Bryan se volvió sobre la espalda e intentó apuntar hacia la puerta del pasillo. La idea de que Lankau pudiera tener una arma de fuego escondida en algún lugar le heló la sangre. En el preciso instante en que apareció la silueta en la puerta, Bryan disparó. El marco se hizo astillas con un crujido. El agujero que dejó la bala era del tamaño de una taza de té.

En cuanto la silueta cobró forma, Bryan sintió que su corazón dejaba de latir. El dedo en el gatillo se le paralizó, marchito, despojado de voluntad e intención.

Podría haberse caído al suelo.

Totalmente iluminado por la luz del exterior apareció el hombre por el que había llorado durante toda una vida, en el que había pensado, al que se había sacrificado sumiéndose en un abismal sentimiento de añoranza. El hermano que hacía tanto tiempo que había perdido. El amigo al que había fallado, abandonado y traicionado.

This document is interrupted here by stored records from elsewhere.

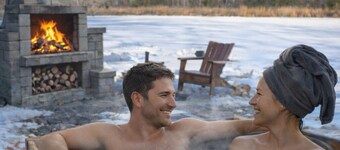 One of kind wellness/glamping experience right outside of Richmond with everything you need and more to truly relax.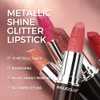 Anglicolor Labial Naranja MetáLico Nacarado Brillo 3D Hidratante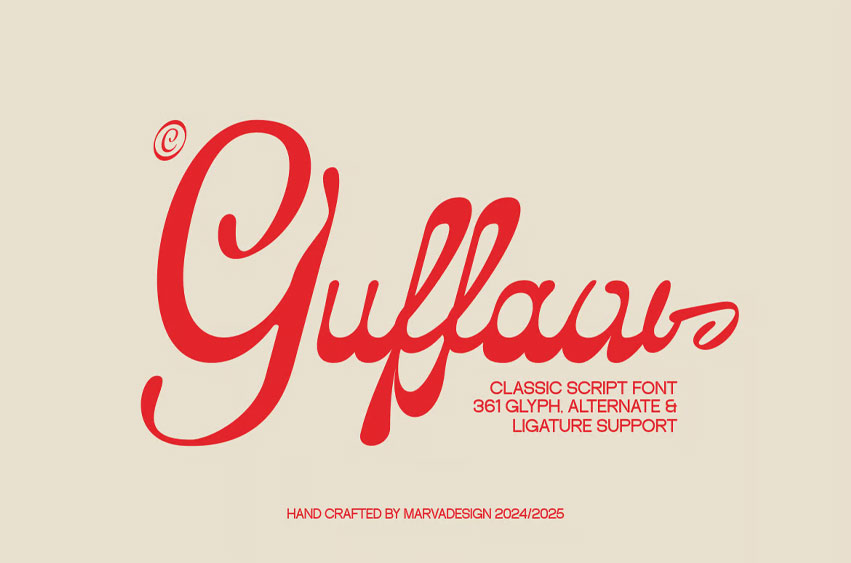 Guffaw Font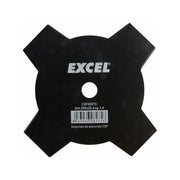 Excel Disco Acciaio 4 Denti Mm 255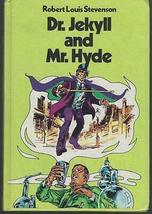 Dr. Jekyll and Mr. Hyde by Robert Stevenson 1976 Illustrated Classic Book Club [ - £30.37 GBP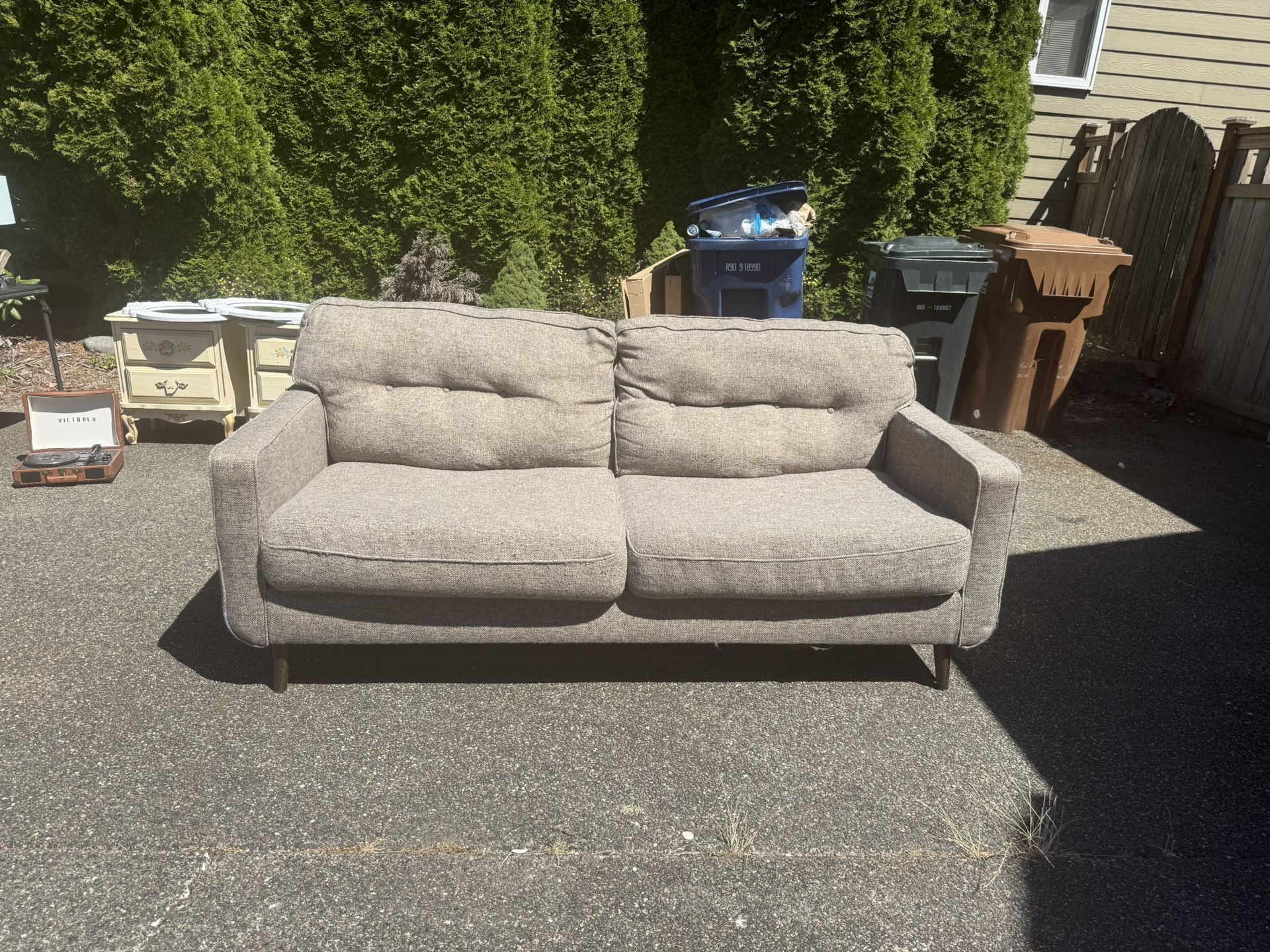 Grey Couch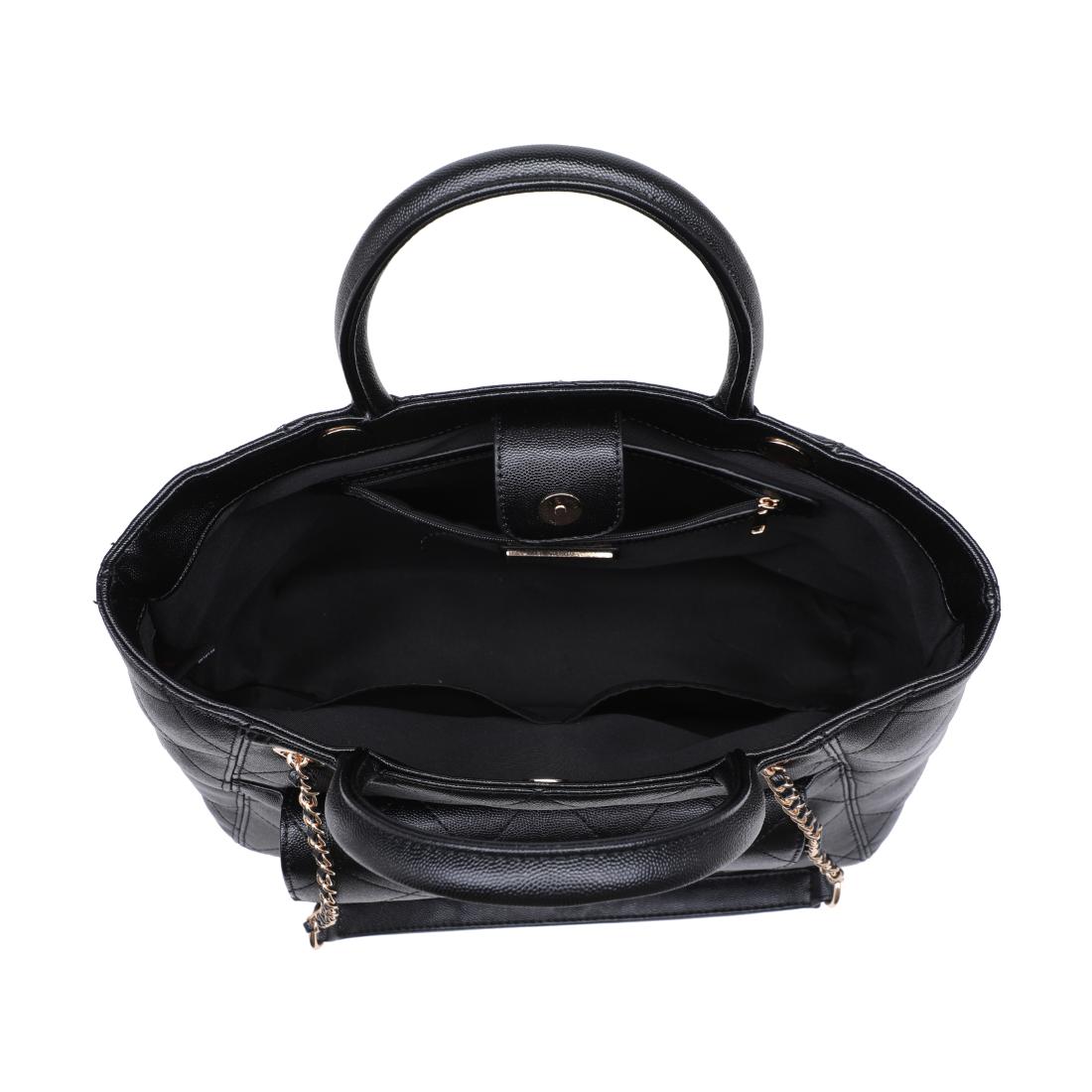Urban Expressions Hank Tote 840504213779 View 4 | Black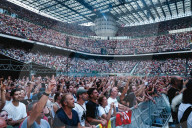 Bruce Springsteen And The E Street Band Performs Live During The Land Of Hope & Dreams 2025 Tour In Milan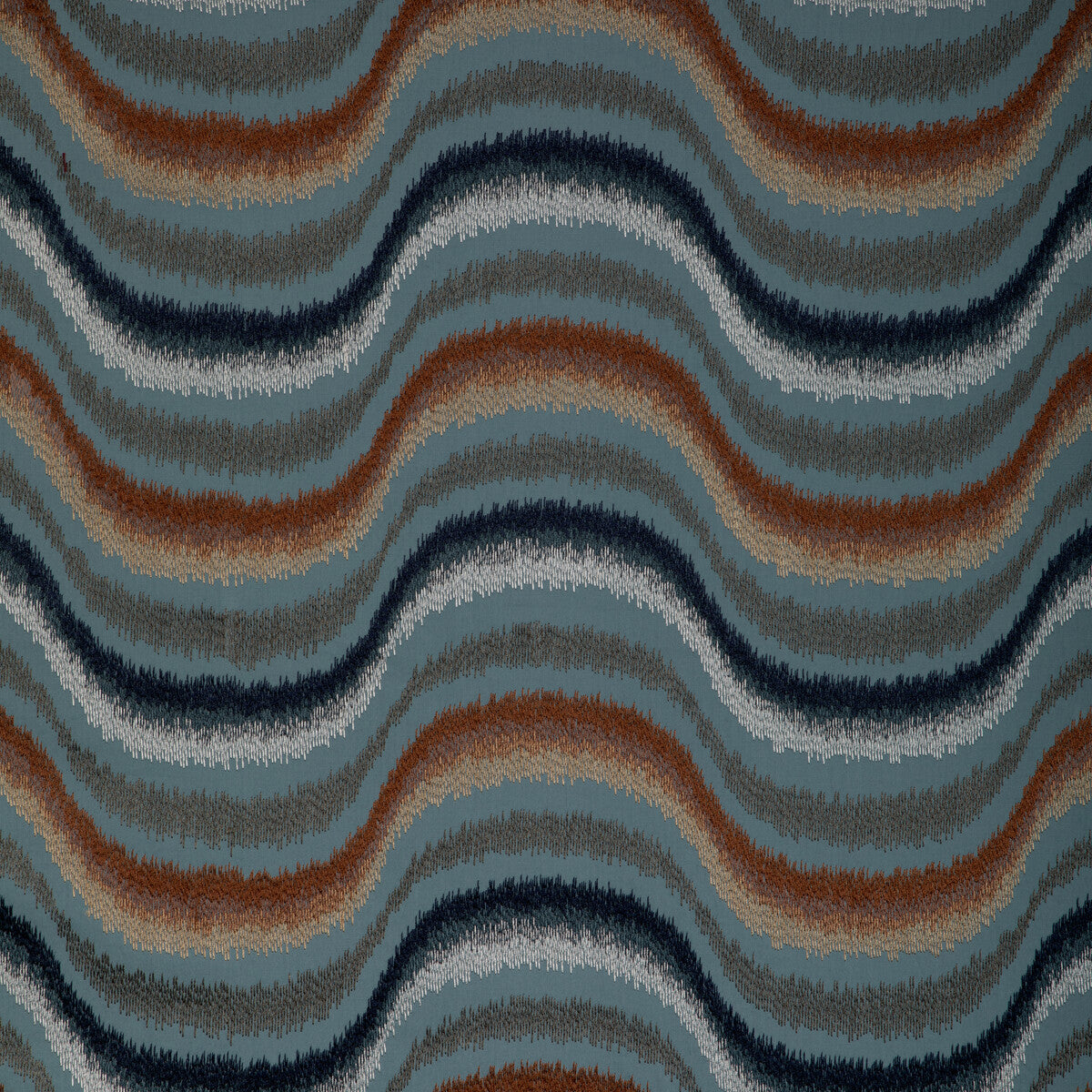 Du Son Emb fabric in topaz color - pattern 8023141.512.0 - by Brunschwig & Fils in the Celeste collection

El lóbulo partido de la oreja fue lo primero que Bryan vio. Era James.

De pronto lo tenía delante, como un espectro, mirándolo fijamente a los ojos. Apenas había envejecido, simplemente estaba cambiado. Ni siquiera había temblado cuando cayó el disparo. Simplemente se había quedado inmóvil, intentando comprender lo que estaba viendo.

Cuando avanzó, Bryan tartamudeó su nombre varias veces.

Laureen había vuelto a dejar de respirar. Alternaba la mirada entre el extraño en el vano de la puerta y la terraza.

Bryan había dejado de percibir la presencia de Laureen. La mano que sostenía la Kenju había dejado de obedecerle, las lágrimas habían cegado sus ojos.

—¡James! —masculló.

Mientras el espectro del pasado se arrodillaba, Bryan intentó empaparse de cada uno de sus rasgos, como si fuera a desaparecer tan de prisa como había aparecido. «¡Estás vivo!», reían sus ojos.

El hombre, en cambio, no expresaba nada.

James miró a Laureen y luego volvió la mirada hacia la puerta. Un instante después volvió la cabeza y miró a Bryan a los ojos, pero su mirada estaba muerta.